Notes on CNNs

2023-04-30

These are my notes about CNNs, some toy code in this colab.

Motivation for CNNs

While MLPs are a very general class of models that work even for image data, they fail to take into account important properties that 2D images have.

For instance, typical MLPs would take a flattened 1D vector of pixels from the image as input, and potentially ignore the rich 2D local information (although I wonder if with enough tuning, it could just learn the associations, since an image is also stored on the computer as a sequence of numbers).

But the more insidious problem is that of the parameter space. Consider a reasonable input size of 100x100 images. A single fully connected layer with 1000 units would need \(10^7\) parameters. But 1000 hidden units is usually too less.

When we constrain these models by introducing good inductive biases, we can reduce the required number of parameters drastically.

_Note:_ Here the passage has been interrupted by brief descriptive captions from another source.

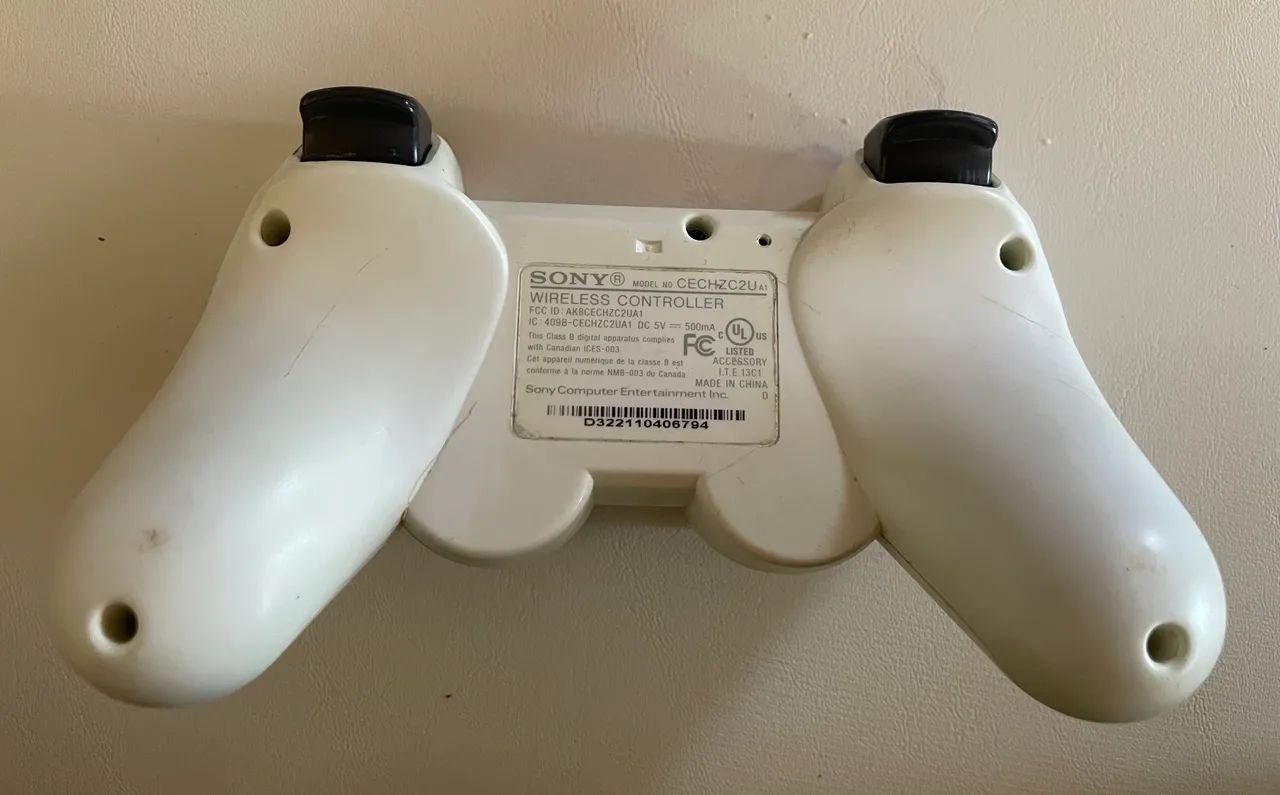 Controle original ps3 Branco - Foto 5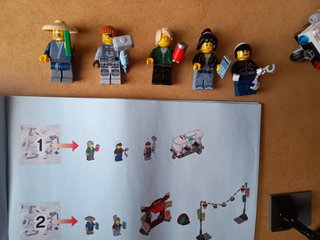 LEGO 70607 Ninjago Movie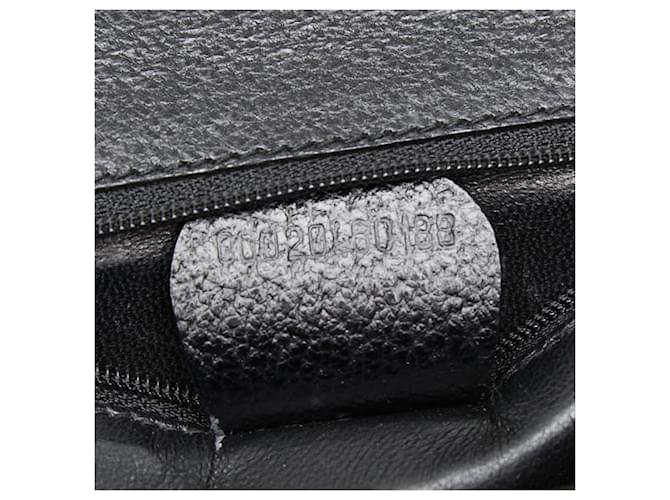 Borsa a mano e a tracolla Gucci Bamboo Nero - vista 12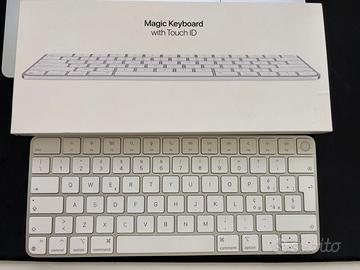 Apple Magic Keyboard con Touch ID per Mac usbc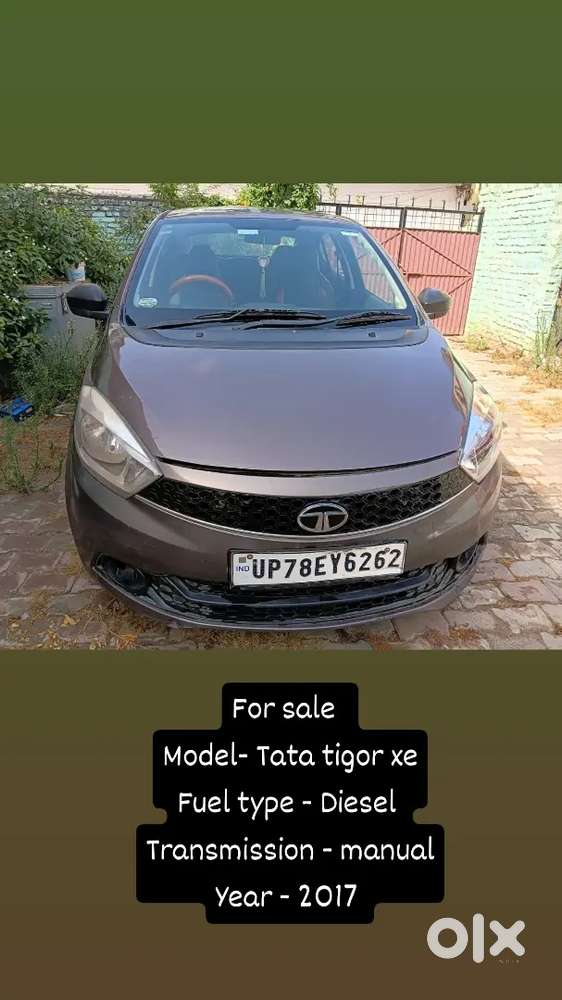 Tata Tigor 2017 Diesel Well Maintained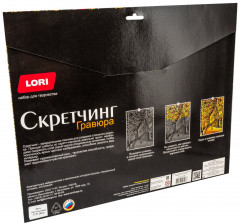 Набор для скретчинга «Новогодняя Москва» - Фото 3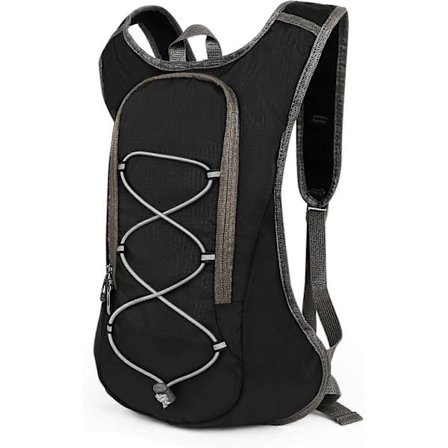 Letvægts Cykel Rygsæk, Vandtæt Åndbar Cykelrygsæk til Mænd og Kvinder, 10L Mini Ultralet Cykeldagsrygsæk til Cykling, Camping, Løb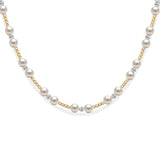 Kimberly Pearl Beaded Necklace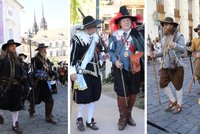 Brno se vrátilo v čase: Připomíná si obléhání z roku 1645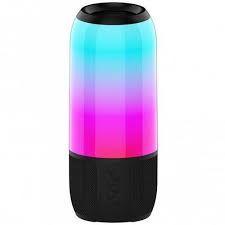 Imagem de Caixa De Som Bluetooth Mega Star Led Hyj5bt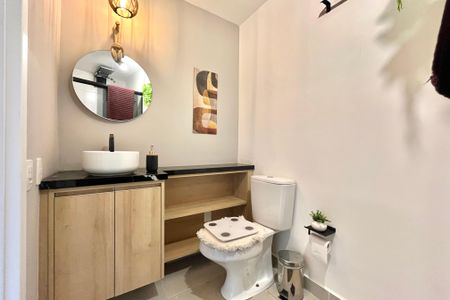 Studio para alugar com 25m², 1 quarto e sem vagaBanheiro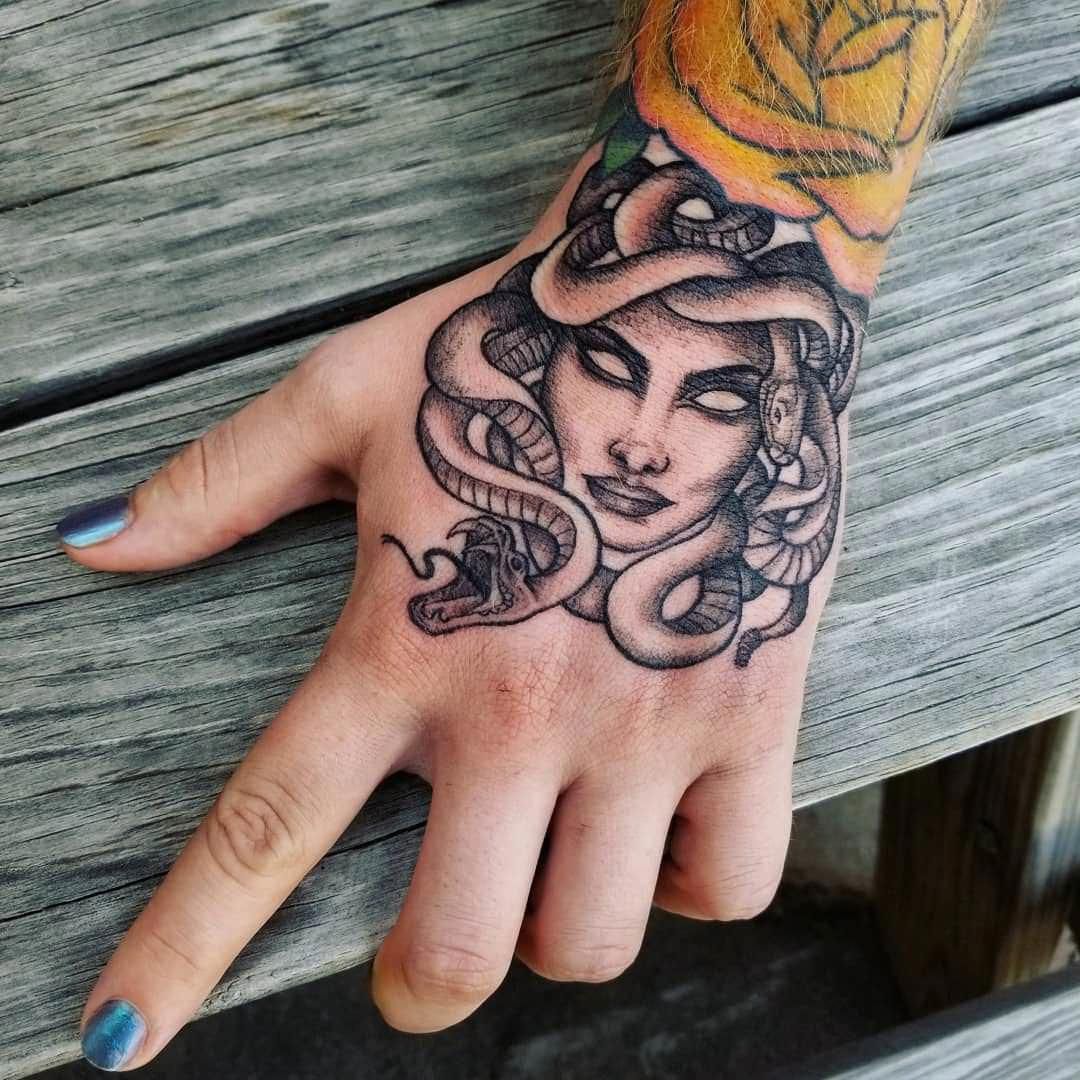 Medusa Hand Tattoo Meaning: Unraveling the Stories Behind Symbolic Body Art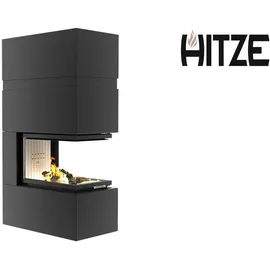 Hitze TRINITY Stahl Schwarz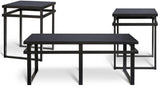 VELMONT 3 Piece Table Set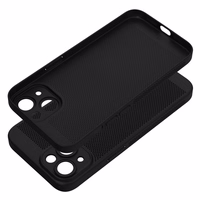 BREEZY viedtālruņa apvalks IPHONE 14 melns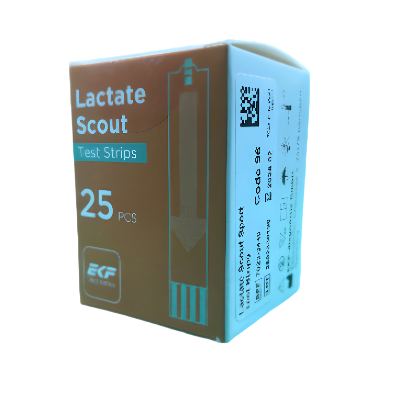 SensLab Lactate Scout Big Pack 25 Teststreifen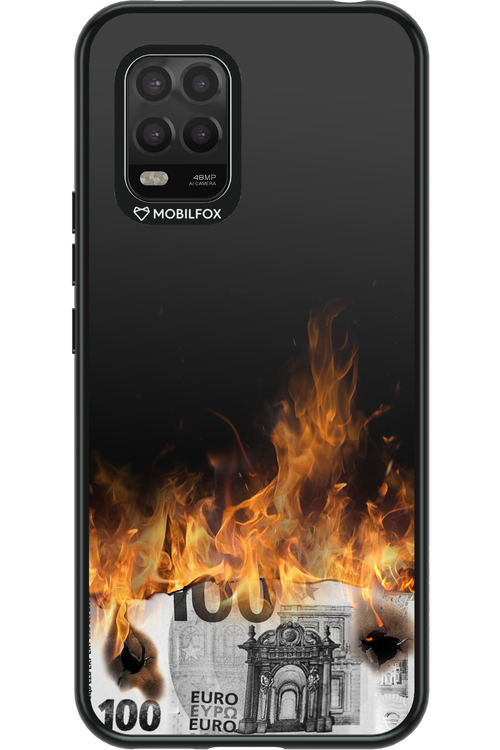 Money Burn Euro - Xiaomi Mi 10 Lite 5G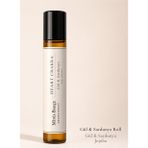 Kalp Çakra Roll - %100 Doğal Gül & Sardunya Yağı 10 ml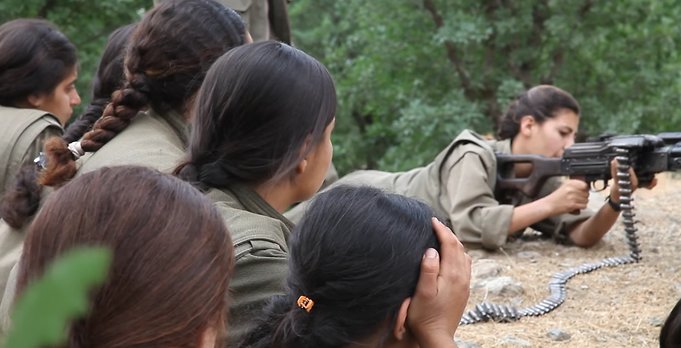 PKK hjälper bekämpa Islamiska staten PKK hjälper bekämpa Islamiska staten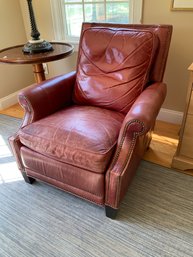 High Quality Red Leather Recliner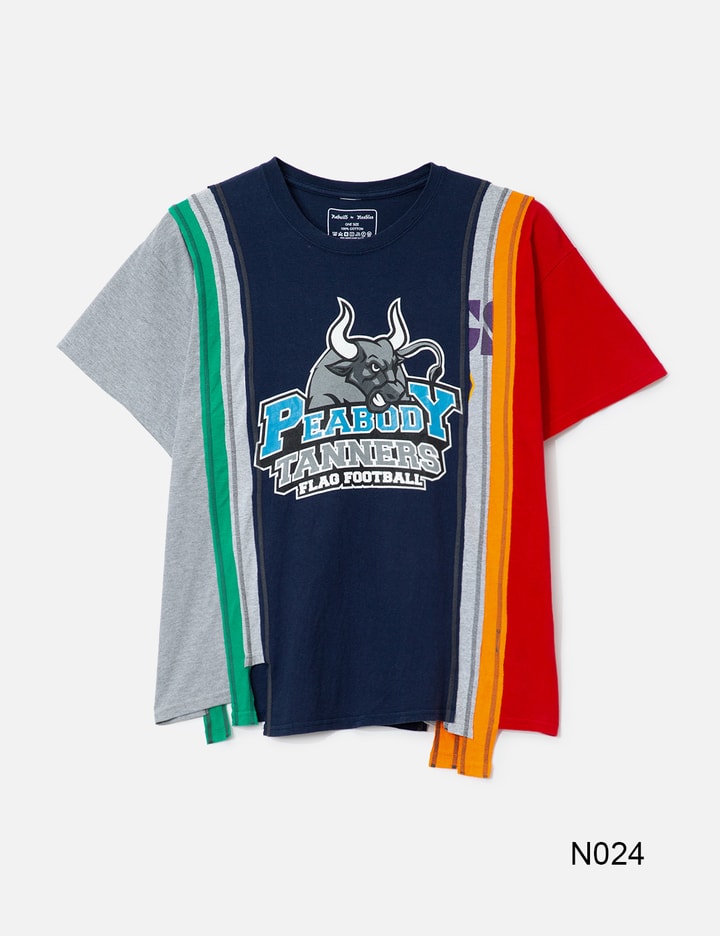 7 Cut Wide T-Shirt - College Placeholder Image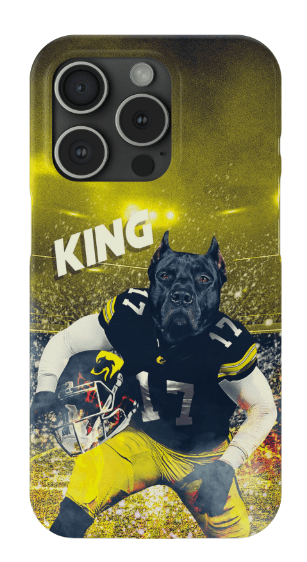 Funda para teléfono personalizada &#39;Iowa Doggos&#39;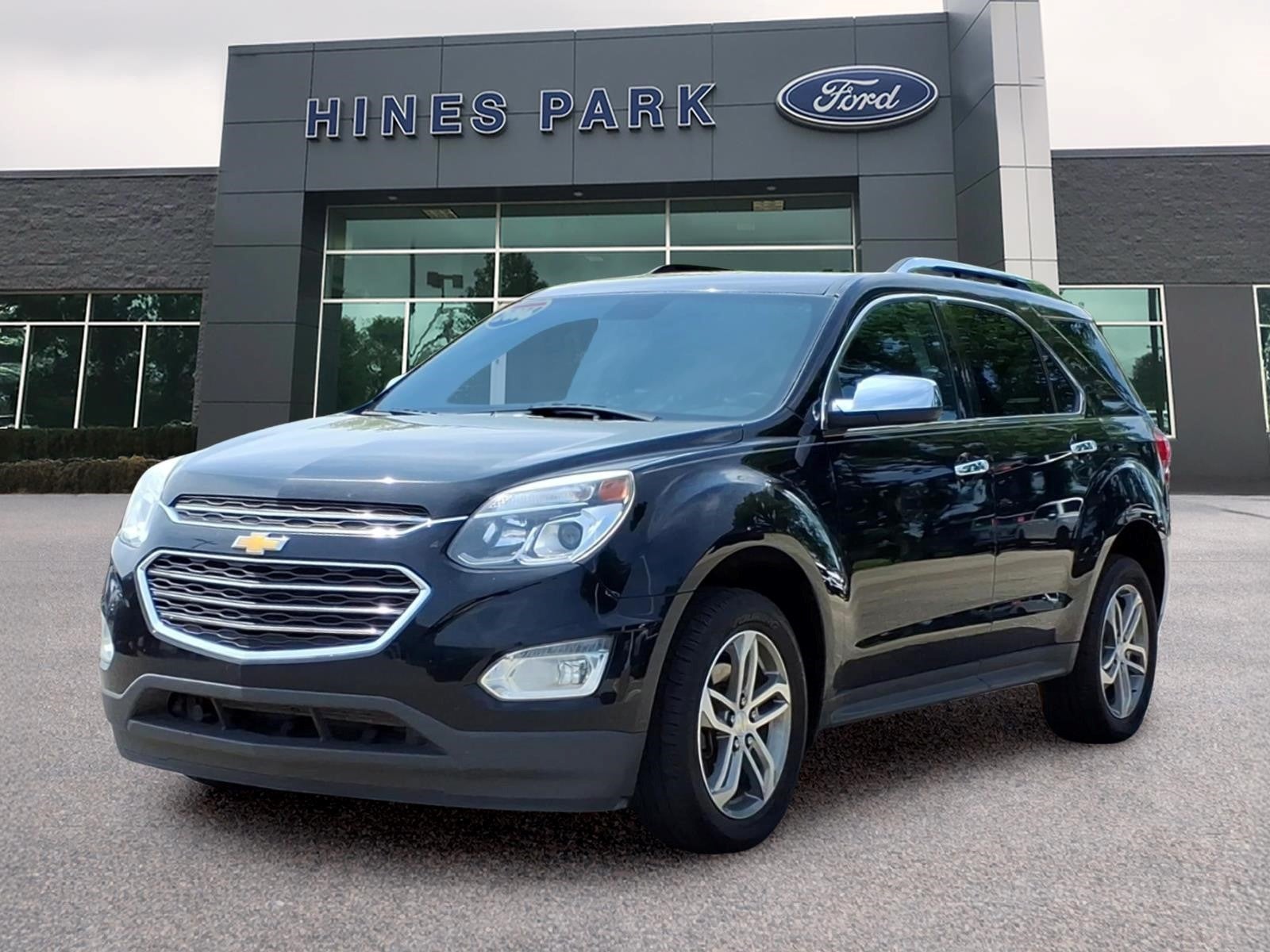 2016 Chevrolet Equinox LTZ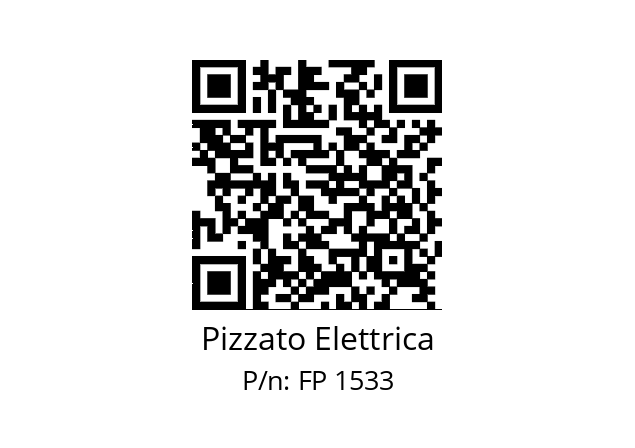   Pizzato Elettrica FP 1533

The main constraints we can put on 2D image data are:

  1. Translation equivariance: For most object detection style tasks, the earliest layers should not care where an object is in the image should not matter.
  2. The earliest layers of the network should focus on local regions. The local representations can eventually be pooled into higher level representations.

From fully connected to local convolutions

Suppose we start with 2D inputs \(X \in \mathbb{R}^{4x4}\) and want to compute 2D hidden representations \(H \in \mathbb{R}^{2x2}\).

In a fully connected setting, we need a 4x4 weight matrix associated with each \(H_{i,j}\). We need 4 of these since \(H\) is itself 2x2. So let’s put these matrices in a 4D array (or “order 4 tensor”):

\[ H_{i,j} = U_{i,j} + \sum_k \sum_l W_{i, j, k, l} X_{k, l} \]

Visualize \(W\) a bit like this:

W = [
  [( ), ( )],
  [( ), ( )],
]   ^-------------------\
                        (
                          [. . . .],
                          [. . . .],
                          [. . . .],
                          [. . . .]
                        )

Each of the four ( ) is itself a 4x4 matrix as shown at the bottom right of the figure.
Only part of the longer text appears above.